As a general rule, though, the amount of money students are expected to spend on course materials has rapidly outpaced the rate of inflation since the ’70s. Affordability advocates point to two major factors behind this: a lack of competition in the higher education publishing industry, and the fact that professors, not students, ultimately decide which texts get assigned. Four major publishers — Pearson, Cengage, Wiley, and McGraw-Hill — control more than 80 percent of the market, according to a 2016 PIRG report. Major publishers also tend to “avoid publishing books in subject areas where their competitors have found success,” which ends up limiting professors’ options for what to assign.
Digital textbooks, especially those that come with access codes, have also contributed to rising costs. When students buy a textbook, they aren’t just paying for the binding and the pages; they’re paying for the research, editing, production, and distribution of the book. And when that book comes with an access code, they’re also paying for the development of — and, as the name suggests, for access to — all kinds of supplementary materials, from lessons to videos to homework assignments.
Access codes, the PIRG report notes, also undercut the resale market. Since the codes can only be used once, the books are essentially worthless without them. They can also prevent students from turning to other cost-saving measures like sharing a book with a classmate.
Kaitlyn Vitez, the higher education campaign director at PIRG, told me she’s met students who couldn’t afford to buy books that come with access codes, even if they knew their grades would suffer. “One student at the University of Maryland had to get a $100 access code to do her homework and couldn’t afford it, and that was 20 percent of her grade,” Vitez said. “So she calculated what grade she would have to get on everything else to make up for not being able to do her homework.”
“On a fundamental level,” Vitez said, “you shouldn’t have to pay to do homework for a class you already paid tuition for. You shouldn’t have to pay to participate.”
Are digital textbooks a move toward affordability? Or are they a way of limiting students’ options further?
Textbook publishers say they’re well aware of students’ difficulty affording books and are making strides toward affordability. “The market, right now, is going through a reset,” Virkler, the McGraw-Hill executive, said. “The prices of textbooks themselves spun out of control over the last 10 or 15 years. About three or four years ago, right around 2015, prices started to come down significantly. So we’re at a point now where, on average, for a semester, taking a full course load, the course materials are costing around $240 to $250.”

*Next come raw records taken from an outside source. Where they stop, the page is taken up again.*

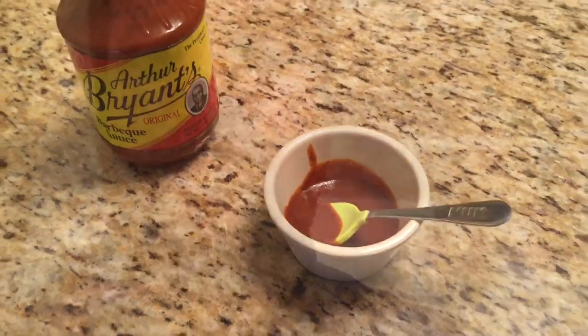The only thing I can do now is give it a taste. Without further ado, my first taste of Arthur Bryant's barbecue sauce. Mmm. Wow. Very interesting — not at all what I was expecting. Let me taste it again. I want to tell you, the first thing that comes to mind when I taste this sauce: it's definitely different than any other sauce I've had.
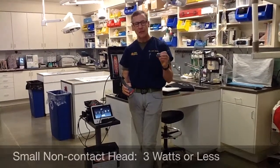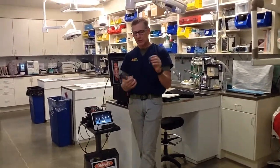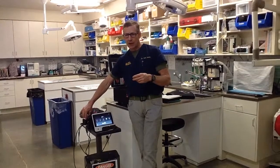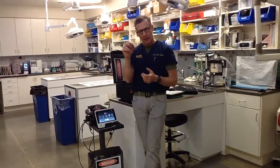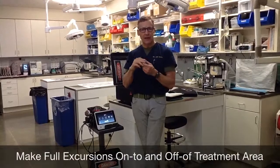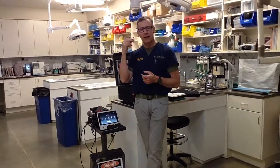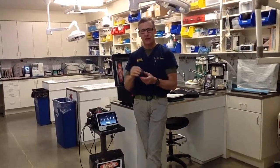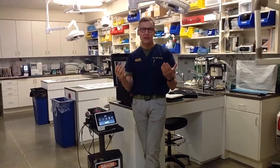The small non-contact head I use least frequently, and it should be used with three watts or less because it has the smallest focal spot — a lot of energy warms up the treatment area more quickly. A common mistake is to vibrate it in the same place. With cat ears in particular, people get very focused on the pathology and don't make a full excursion onto and off the pathologic tissue, so the cat starts to shake its head because the tissue never cools down. Make full excursions onto and off the area you're treating, and use it with less than three watts.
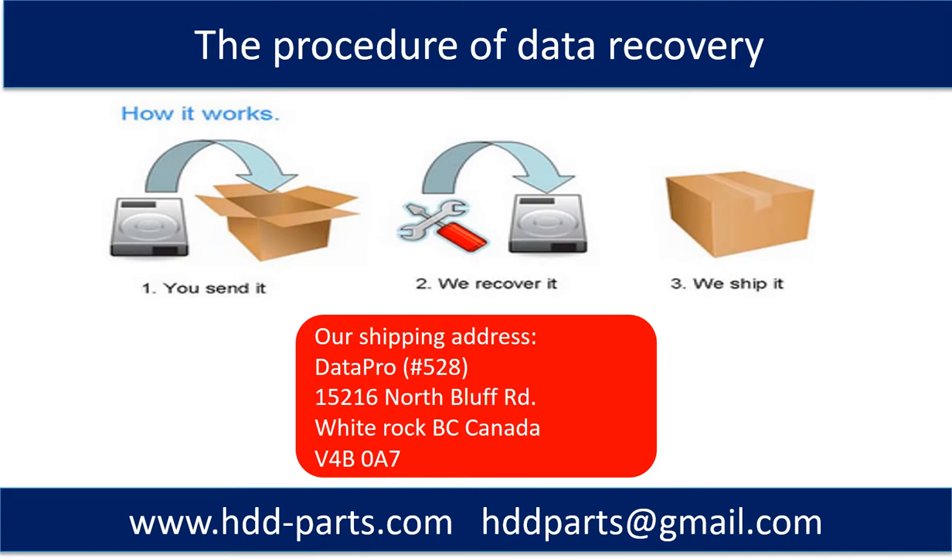This picture shows the procedure of how we do data recovery for our clients. First, the client sends their hard drive to us. Second, we do data recovery. Third, we ship back the data to our clients.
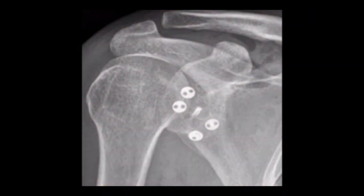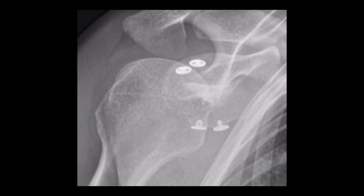Postoperative images show the graft nicely positioned in the inferior quadrant and evidence of an anchor from previous surgery.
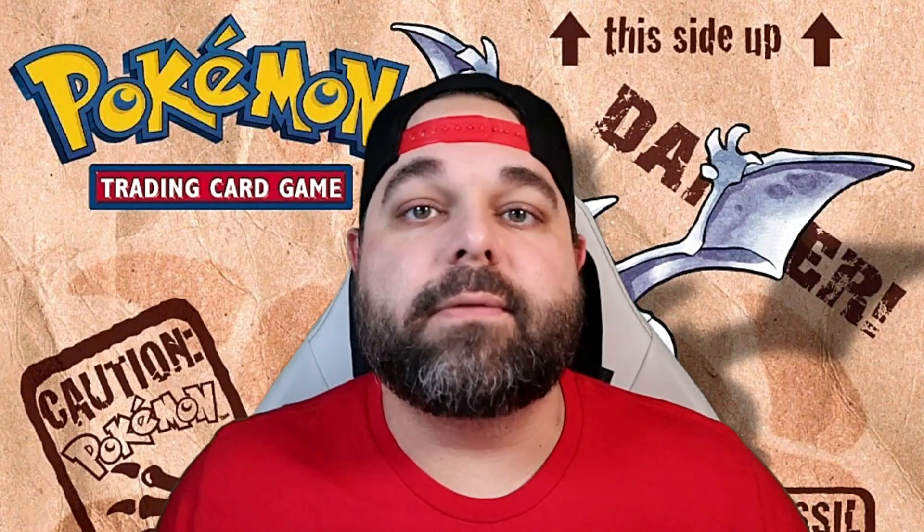Also coming in at the $20 valuation in near mint condition is Hitmonchan. This is usually one of the first cards I think of when thinking about the Fossil set — I remember this artwork from when I was growing up, it may have been one of my first holographics from Fossil. I thought Hitmonchan was by far the best Hitmon, and I still think that. Hitmonchan holographic is about $20 in near mint condition.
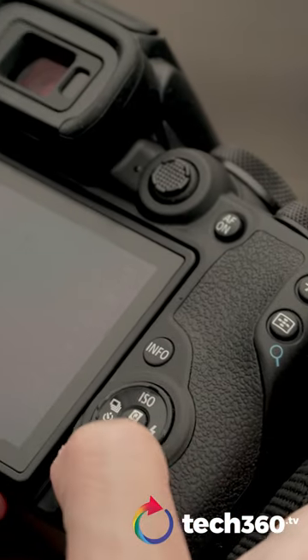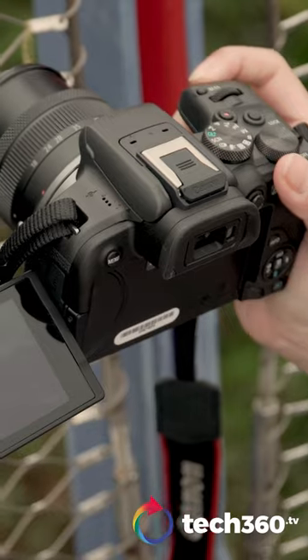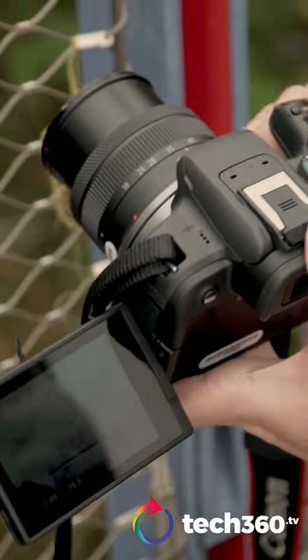Great for content creators, frequent travellers, or even just for daily use, the R10 has got enough functions to make sure that you get great photos in most shooting conditions.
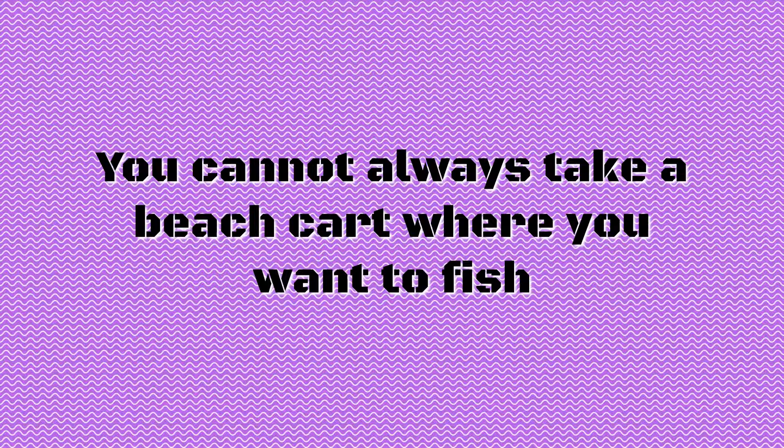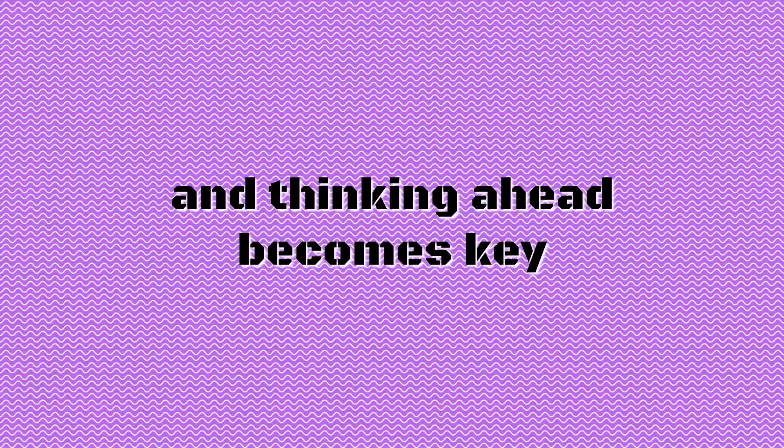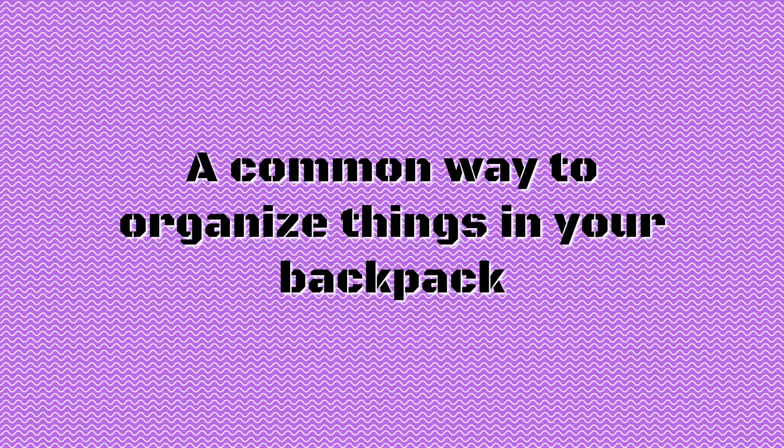You cannot always take a beach cart where you want to fish, and you don't always need to haul your entire garage of lures, sinkers, and other gear. Packing minimally and thinking ahead becomes key when preparing for your next trip.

Virkler and Nik Osbourne, the senior vice president of strategy at Pearson, both pointed to a recent development in the industry, dubbed “inclusive access,” as a move toward affordability. Inclusive access is basically a way of including the cost of course materials in a student’s course materials fee, which is levied by the university. According to publishers, inclusive access helps keep the cost of materials low because there’s a near-guarantee that students will buy the products; it’s kind of like buying in bulk, but for textbooks instead of food. At most universities that use the service, through McGraw-Hill, Pearson, or another publisher, students have to opt out of the program, or else they’re automatically enrolled — except for in Florida, Virkler said, where they have to opt in.
“It drops the price down significantly, because we know the vast majority of the class is going to actually purchase materials,” Virkler told me. Osborn said that “in 99 percent of cases,” students “have the ability to opt out” but choose not to because of the ease of the program, which gives them access to all the course materials from the moment they enroll in the class. “Full stop, right there, before we even talk about affordability, that student now has the ability, from day one, to be in the class and have the materials they need. You don’t have a student who has waited two or three weeks to make a decision on course materials.” The opt-out rate for inclusive access, Osborn said, is “extraordinarily small.”
Kristina Massari, the director public and media relations at Cengage, told me the publisher recently implemented a subscription-style service for textbooks, which lets students pay $179.99 per year for access to every Cengage textbook they need. This service, she noted, can often cost less than a single textbook.
But these ostensibly affordable options come with some drawbacks. For one, they’re only for e-books, which means students can’t try to resell books at the end of the semester to try to recoup some of the money they spent. In some cases, the books expire at the end of the semester; Osborn told me that students can pay additional fees for “perpetual access” if they want.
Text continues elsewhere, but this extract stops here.